+++ Entries provided

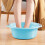 Tykk plastservant 32,5 x 23 x 10 cm blå 4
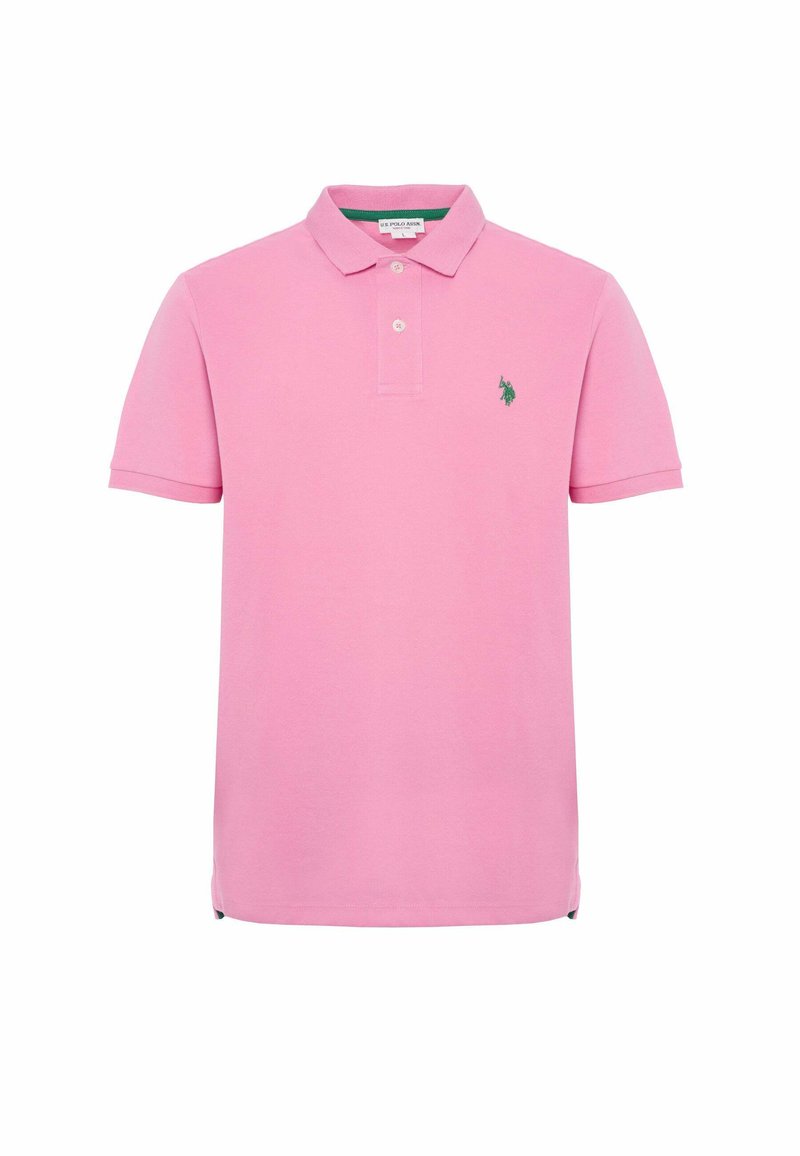 U.S. Polo Assn. Poloshirt donkerroze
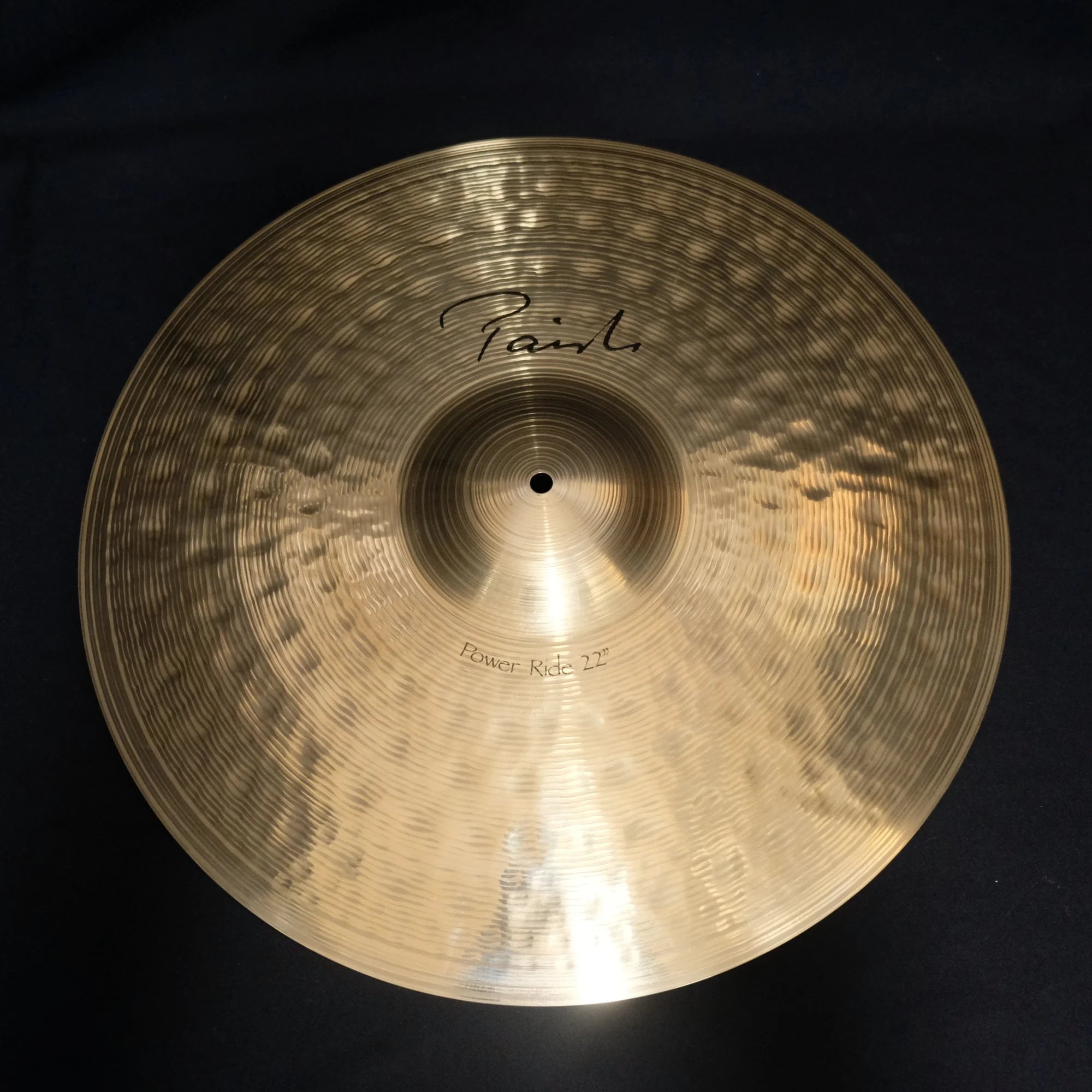 22" Paiste Signature Power Ride 3756 grams from 1999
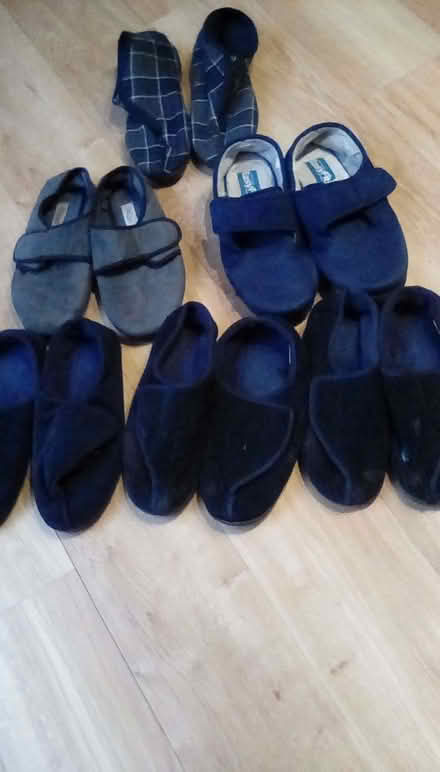 Photo of free Mens slippers (Priorslee TF2) #1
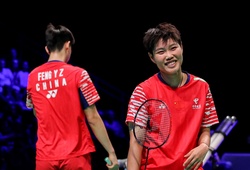 Feng Yan Zhe và Huang Dong Ping lập cú hat-trick danh hiệu liên tiếp tại giải cầu lông World Tour Finals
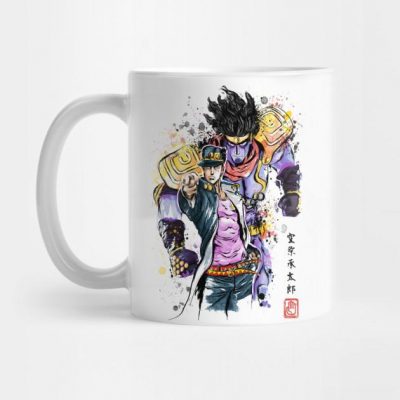 Bizarre Adventure Watercolor Mug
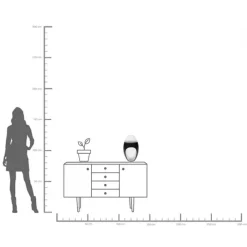 Vase Shadow 41cm><noscript><img width=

++++++

The output must match, line for line, the span from the line containing "grams from 1999" through the end of the data, with the pictures removed.

> _Finished task_
 22" Paiste Signature Power Ride 3756 grams from 1999
 Photo of free Mens slippers (Priorslee TF2) #1
 Feng Yan Zhe và Huang Dong Ping lập cú hat-trick danh hiệu liên tiếp tại giải cầu lông World Tour Finals
 Bizarre Adventure Watercolor Mug
 Vase Shadow 41cm><noscript><img width=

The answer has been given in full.